II. Background and Requirements of Data DR and Backup
1. Data backup compliance requirements
In China, there are regulations governing information system construction in key sectors, including finance, public services, and telecommunications. These regulations require enterprises to implement effective data protection measures to ensure data confidentiality, integrity, and availability. The regulations cover DR and data backup capabilities and aim to ensure that critical data can be quickly and effectively recovered in case of emergencies. National standards and regulations for DR and backup construction and data resilience are set out in Disaster Recovery Specifications for Information Systems (GB/T 20988-2007), Information Security Technology—Baseline for classified protection of cybersecurity (GB/T 22239-2019), Cybersecurity Law, and Data Security Law. These regulations lay a solid foundation for DR, backup, and data resilience within China's information systems, with the goal of enhancing data protection and ensuring a resilient and stable critical infrastructure.
The financial industry has responded to these regulations by developing key standards to enhance data resilience and integration. These include the Implementation Guidelines for Classified Protection of Cybersecurity of the Financial Industry (JR/T 0071-2020), Financial Application Specification of Distributed Database Technology—Disaster Recovery Requirements (JR/T 0205-2020), and Management Specification of Information System Disaster Recovery for Banks (JR/T 0044-2008). These guidelines aim to elevate the data management and security protection level within the financial sector and ensure resilient, recoverable financial data.
2. Pain points and requirements of WeBank's data DR and backup system
WeBank handled massive volumes of data with over 900 database instances in use. The daily full backup data totaled 600 TB, while daily incremental backups amounted to 50 TB. Additionally, the daily binlog data volume was 30 TB, bringing the total inventory backup data to 12 PB.
WeBank faced significant challenges in ensuring that its backup systems could deliver sufficiently high reliability and rapid recovery if faults impacted critical operations such as service version verification, end-of-day batch processing, quarterly interest settlements, and year-end settlement drills.

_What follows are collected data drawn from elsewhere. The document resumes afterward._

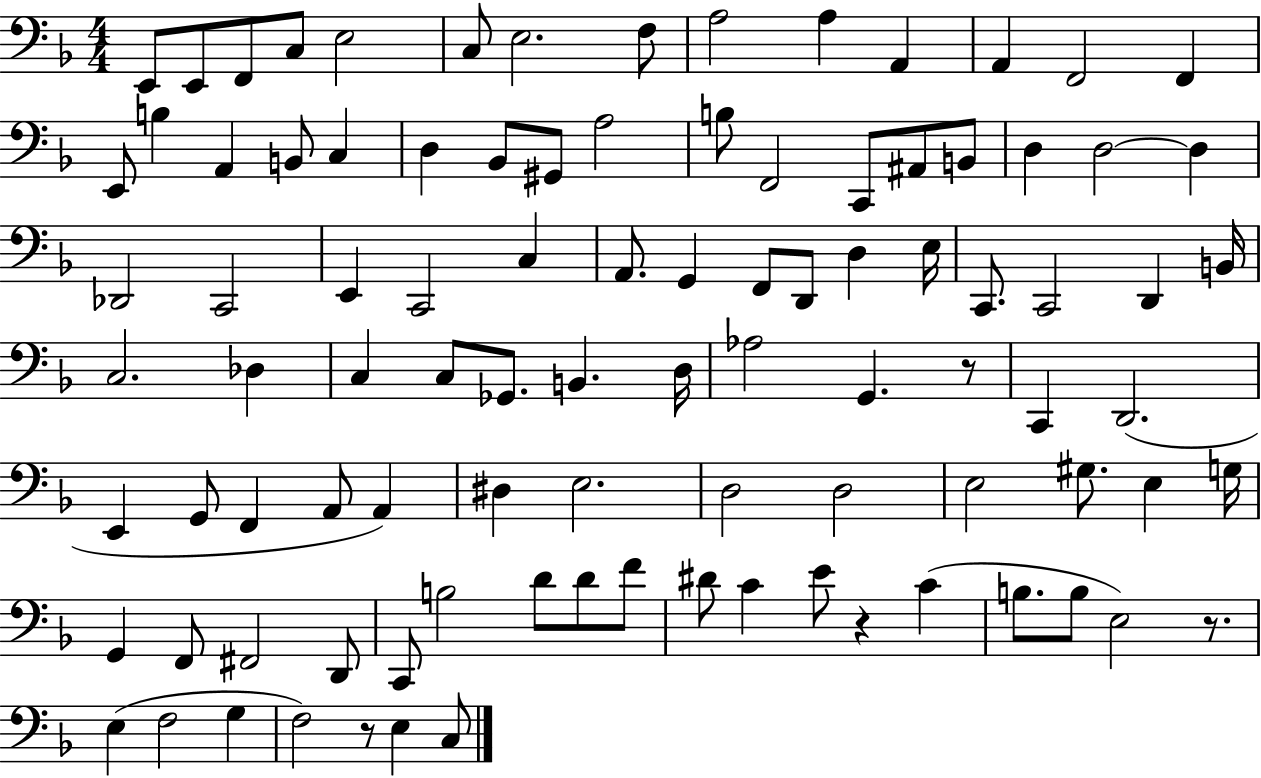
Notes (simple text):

E2/e E2/e F2/e C3/e E3/h C3/e E3/h. F3/e A3/h A3/q A2/q A2/q F2/h F2/q E2/e B3/q A2/q B2/e C3/q D3/q Bb2/e G#2/e A3/h B3/e F2/h C2/e A#2/e B2/e D3/q D3/h D3/q Db2/h C2/h E2/q C2/h C3/q A2/e. G2/q F2/e D2/e D3/q E3/s C2/e. C2/h D2/q B2/s C3/h. Db3/q C3/q C3/e Gb2/e. B2/q. D3/s Ab3/h G2/q. R/e C2/q D2/h. E2/q G2/e F2/q A2/e A2/q D#3/q E3/h. D3/h D3/h E3/h G#3/e. E3/q G3/s G2/q F2/e F#2/h D2/e C2/e B3/h D4/e D4/e F4/e D#4/e C4/q E4/e R/q C4/q B3/e. B3/e E3/h R/e. E3/q F3/h G3/q F3/h R/e E3/q C3/e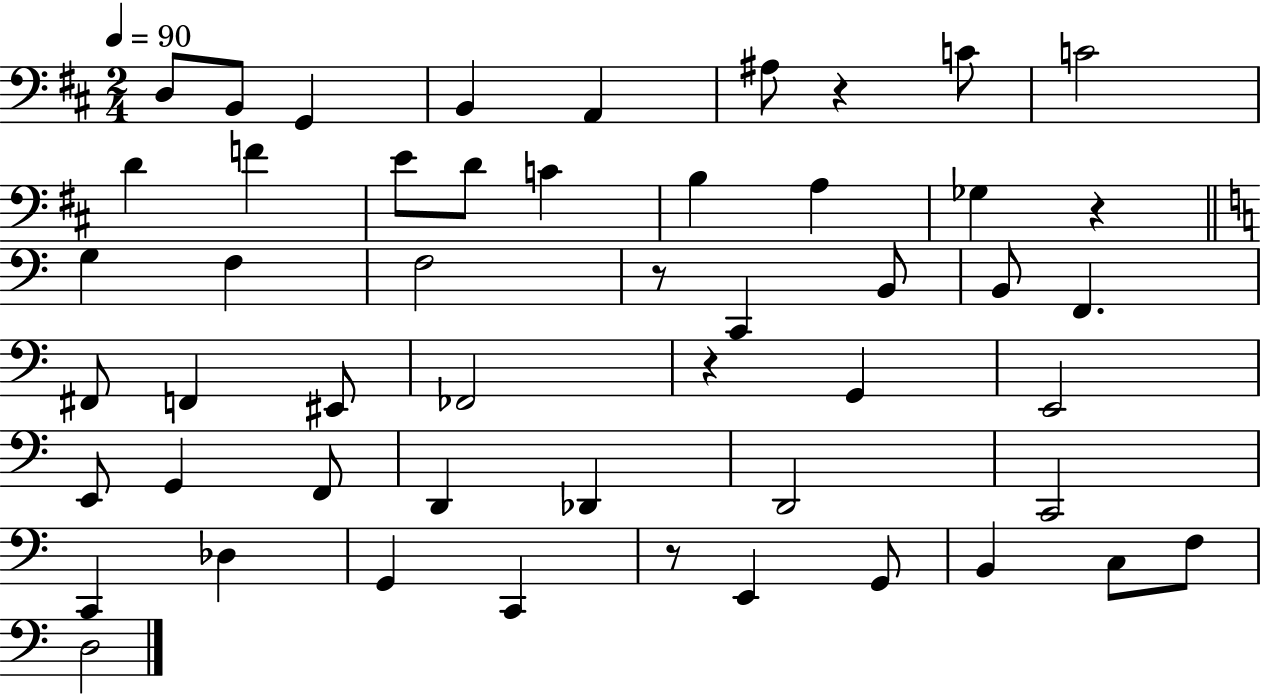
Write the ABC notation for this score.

X:1
T:Untitled
M:2/4
L:1/4
K:D
D,/2 B,,/2 G,, B,, A,, ^A,/2 z C/2 C2 D F E/2 D/2 C B, A, _G, z G, F, F,2 z/2 C,, B,,/2 B,,/2 F,, ^F,,/2 F,, ^E,,/2 _F,,2 z G,, E,,2 E,,/2 G,, F,,/2 D,, _D,, D,,2 C,,2 C,, _D, G,, C,, z/2 E,, G,,/2 B,, C,/2 F,/2 D,2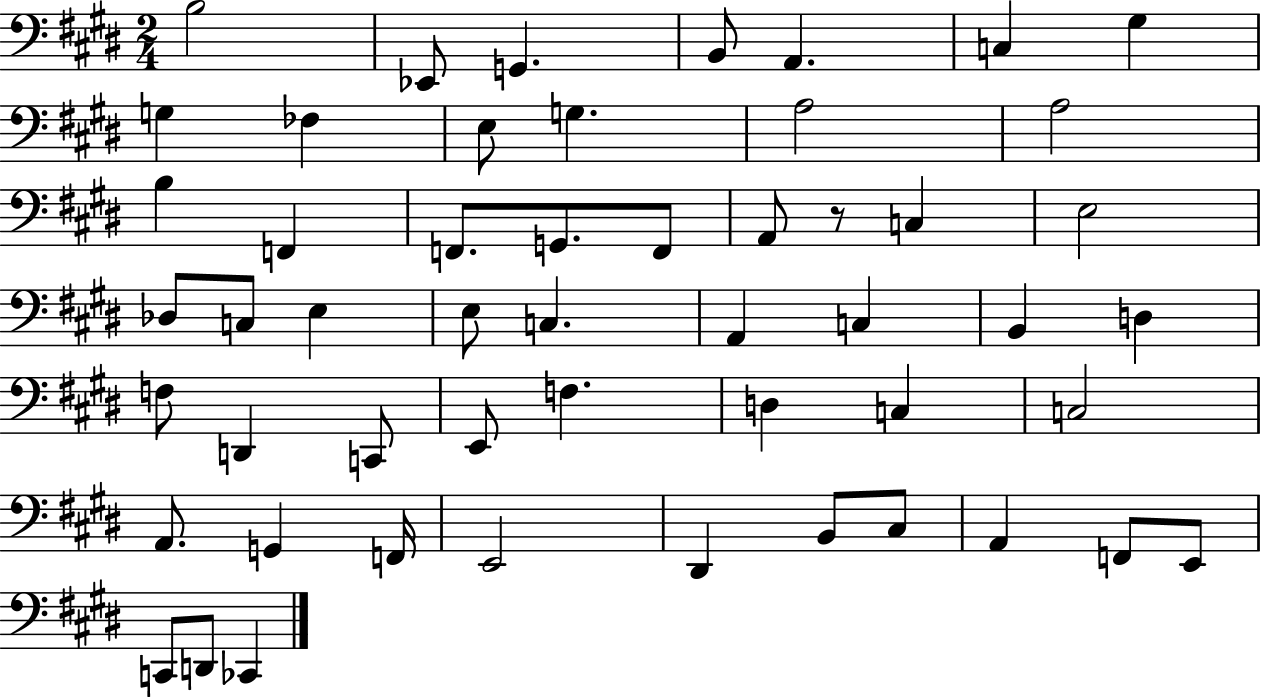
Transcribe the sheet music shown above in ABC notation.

X:1
T:Untitled
M:2/4
L:1/4
K:E
B,2 _E,,/2 G,, B,,/2 A,, C, ^G, G, _F, E,/2 G, A,2 A,2 B, F,, F,,/2 G,,/2 F,,/2 A,,/2 z/2 C, E,2 _D,/2 C,/2 E, E,/2 C, A,, C, B,, D, F,/2 D,, C,,/2 E,,/2 F, D, C, C,2 A,,/2 G,, F,,/4 E,,2 ^D,, B,,/2 ^C,/2 A,, F,,/2 E,,/2 C,,/2 D,,/2 _C,,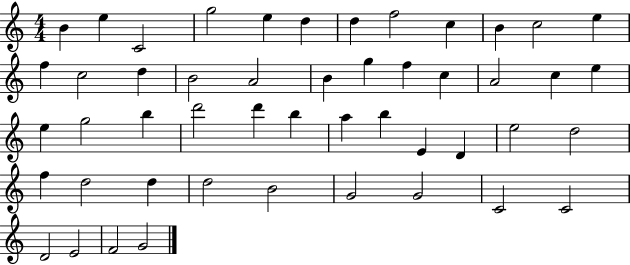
B4/q E5/q C4/h G5/h E5/q D5/q D5/q F5/h C5/q B4/q C5/h E5/q F5/q C5/h D5/q B4/h A4/h B4/q G5/q F5/q C5/q A4/h C5/q E5/q E5/q G5/h B5/q D6/h D6/q B5/q A5/q B5/q E4/q D4/q E5/h D5/h F5/q D5/h D5/q D5/h B4/h G4/h G4/h C4/h C4/h D4/h E4/h F4/h G4/h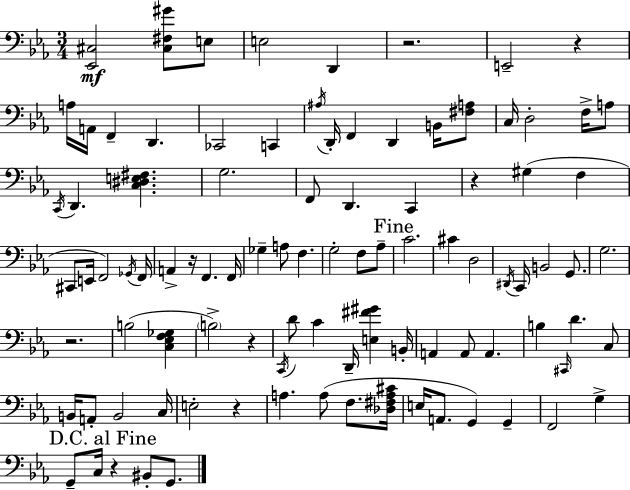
[Eb2,C#3]/h [C#3,F#3,G#4]/e E3/e E3/h D2/q R/h. E2/h R/q A3/s A2/s F2/q D2/q. CES2/h C2/q A#3/s D2/s F2/q D2/q B2/s [F#3,A3]/e C3/s D3/h F3/s A3/e C2/s D2/q. [C3,D#3,E3,F#3]/q. G3/h. F2/e D2/q. C2/q R/q G#3/q F3/q C#2/e E2/s F2/h Gb2/s F2/s A2/q R/s F2/q. F2/s Gb3/q A3/e F3/q. G3/h F3/e Ab3/e C4/h. C#4/q D3/h D#2/s C2/s B2/h G2/e. G3/h. R/h. B3/h [C3,Eb3,F3,Gb3]/q B3/h R/q C2/s D4/e C4/q D2/s [E3,F#4,G#4]/q B2/s A2/q A2/e A2/q. B3/q C#2/s D4/q. C3/e B2/s A2/e B2/h C3/s E3/h R/q A3/q. A3/e F3/e. [Db3,F#3,A3,C#4]/s E3/s A2/e. G2/q G2/q F2/h G3/q G2/e C3/s R/q BIS2/e G2/e.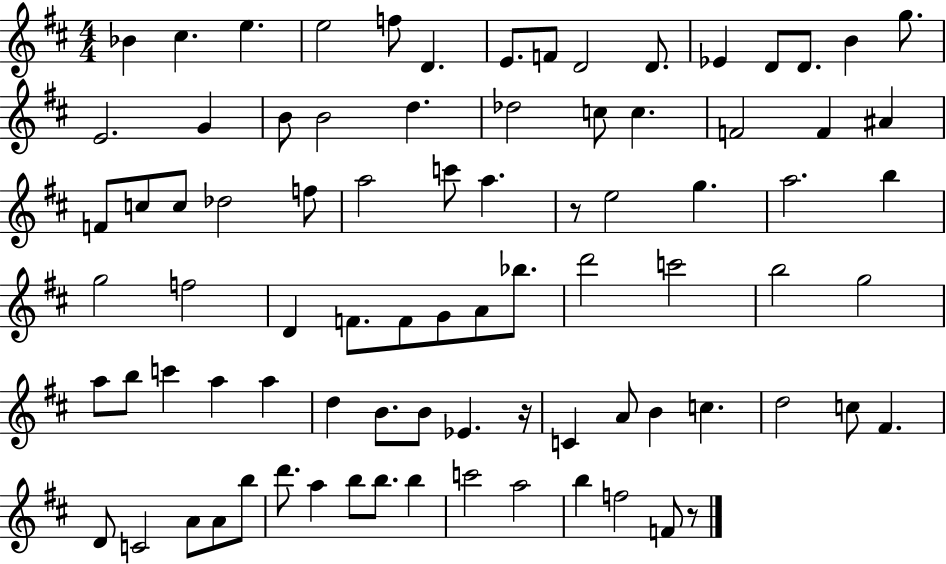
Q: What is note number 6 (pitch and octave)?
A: D4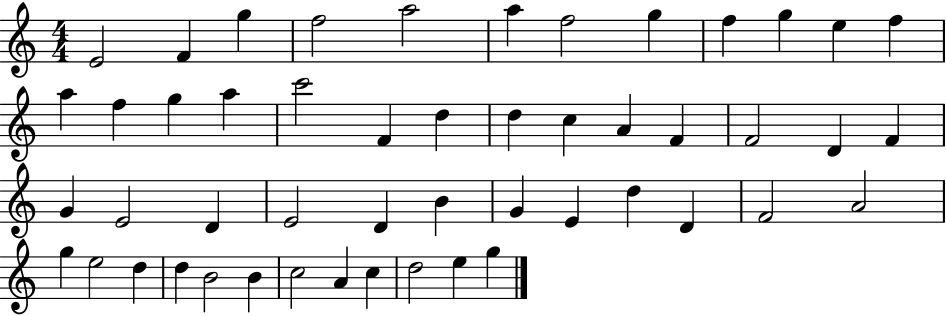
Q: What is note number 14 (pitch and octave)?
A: F5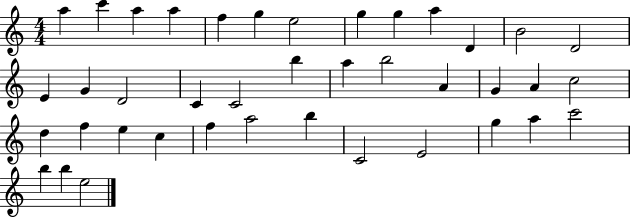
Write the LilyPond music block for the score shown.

{
  \clef treble
  \numericTimeSignature
  \time 4/4
  \key c \major
  a''4 c'''4 a''4 a''4 | f''4 g''4 e''2 | g''4 g''4 a''4 d'4 | b'2 d'2 | \break e'4 g'4 d'2 | c'4 c'2 b''4 | a''4 b''2 a'4 | g'4 a'4 c''2 | \break d''4 f''4 e''4 c''4 | f''4 a''2 b''4 | c'2 e'2 | g''4 a''4 c'''2 | \break b''4 b''4 e''2 | \bar "|."
}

In its day-to-day operations, WeBank was encountering several key pain points:
A growing gap between backup and recovery efficiency and business growth: Due to a significant increase in service volume, full backups took over 20 hours, single database recovery took more than 2 hours, and DR drills averaged 7 days. As a result, WeBank could not support quick service version verification and data recovery.
High construction costs because of a sharp increase in backup capacity: The three-copy policy of the Ceph cluster resulted in low disk utilization. In fact, WeBank's storage usage rate was a mere 33%. The absence of data deduplication capabilities and effective hot/cold data separation had implications for footprint, energy consumption, and O&M, driving up the TCO.
Frequent ransomware attacks and a lack of systematic protection: Recent years have seen an unprecedented increase in the frequency of ransomware attacks in the industry, resulting in significant risks to data resilience. WeBank needed to introduce systematic protection measures, including ransomware detection, anti-tampering, data encryption, and automated response mechanisms, to ensure data resilience and regulatory compliance.
To tackle these challenges, WeBank has developed a next-gen, ultra-large-scale database backup and recovery system for its core banking systems. This new solution employs WeBank's proprietary backup management and control platform and data archiving platform, Huawei data storage products, and advanced Blu-ray storage systems. It offers a comprehensive suite of data backup and recovery systems, including DR, backup, archiving, resilience, and data recovery. As a result, the system enhances the efficiency of data backup and recovery, reduces backup storage costs, and ensures service continuity and recoverability.
III. Solution Architecture
1. Legacy solution architecture and its disadvantages
As shown in Figure 1, WeBank utilized Ceph, an open-source distributed file system, for backup data storage within its legacy backup architecture. This involved deploying standard x86 servers coupled with SATA HDDs to establish a Ceph distributed storage cluster, which employed a three-copy mechanism to guarantee high data reliability and availability. Regarding backup policies, a full backup was conducted every Sunday, with incremental backups performed from Monday to Saturday, and database binlogs backed up in real time every five minutes. Regarding data retention policies, full backups, incremental backups, and full binlog backups going back three months were retained. For backups generated between three and six months ago, full binlog backups and full backups of the last week of each month were retained. For backups older than six months, full backups of the last week of each month were retained.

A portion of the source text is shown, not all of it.